DCBV: Briefly, can you share a few of the major housing issues facing low-income D.C. residents—and what a lawyer can do to help?
KJ: One major issue that low-income D.C. residents face is the threatened or actual termination of their federally funded Section 8 vouchers and related rent support, which usually results in a suit for possession for nonpayment of rent filed by their landlord. While D.C. residents in the Section 8 program are required to recertify their eligibility every year, they often never receive notices of recertification meetings with the housing authority.
Similarly, they often fail to receive notices of alleged deficiencies (i.e., missing documents) in the hefty recertification packets they are required to file. In litigating these cases, however, one often finds only drafts of notices, or no notices, and no actual proof of mailing in DCHA’s files. Attorneys can represent low-income D.C. residents in suits seeking restoration of their Section 8 vouchers and the federal housing subsidy to which they are legally entitled, raising claims of lack of notice, lack of due process, and failure by the agency to follow its own regulations, thereby fending off the landlord’s possession suit until wrongfully terminated vouchers are restored.
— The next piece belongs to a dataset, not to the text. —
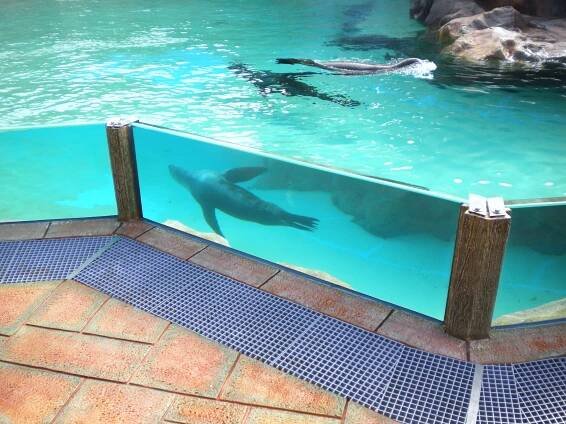 Soubor:Siam Park (36).jpg – Wikipedie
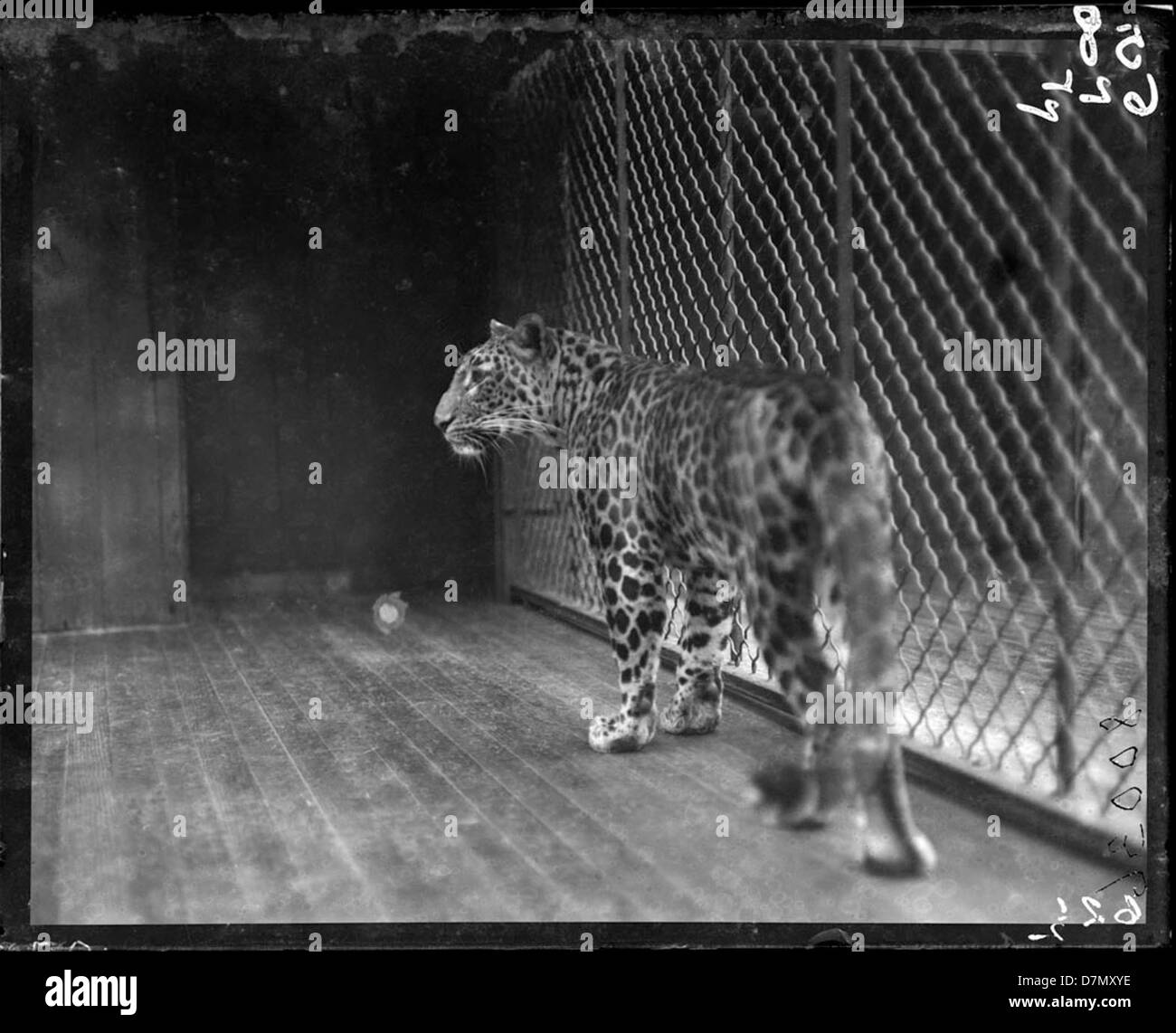 Vintage zoo leopard hi-res stock photography and images - Alamy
A second major issue faced by low-income residents with disabilities is the loss of housing due to housing providers’ unlawful refusal to accommodate disabilities. Low-income residents are frequently denied or forced out of housing due to disabilities such as blindness or wheelchair use, and can benefit enormously from representation by an attorney willing to fight for their disabled clients’ right to have a home.
DCBV: What was the most rewarding pro bono experience you have had so far in your career? Do you have a most memorable client or matter, or any one client or matter that sticks with you?
KJ: Most of my pro bono clients and representations stick with me and have been very rewarding. I recently represented a young mother of an infant whose landlord sought to evict her on grounds that she allegedly repeatedly caused disruptions despite receiving a notice to correct her behavior or be evicted. Investigation revealed that an employee of the landlord had repeatedly, and unsuccessfully, propositioned her. He was also responsible for filing tenant infraction reports against her, alleging disruptions, which were largely fabricated.
Further, the landlord’s discovery responses failed to identify any alleged disruptions occurring between the end of a thirty-day statutorily required “correction period” set out in the landlord’s notice and the date the landlord initiated its suit for possession, providing grounds for granting summary judgment in favor of the client, and enabling her to continue to have housing, rather than live in a shelter, and to pursue a nursing degree.
In a different area, law firm colleagues and I represented, and wrote the briefs for Mr. Dickerson, in United States v. Dickerson, in which the Supreme Court reaffirmed that Miranda warnings are constitutionally required, and which led to me appearing twice on MSNB’s show Equal Time to debate Col. Oliver North about the merits of Miranda warnings and the Supreme Court’s opinion reaffirming that they are constitutionally required. Both of these pro bono representations, and numerous others, have been immensely rewarding and continue to stick with me.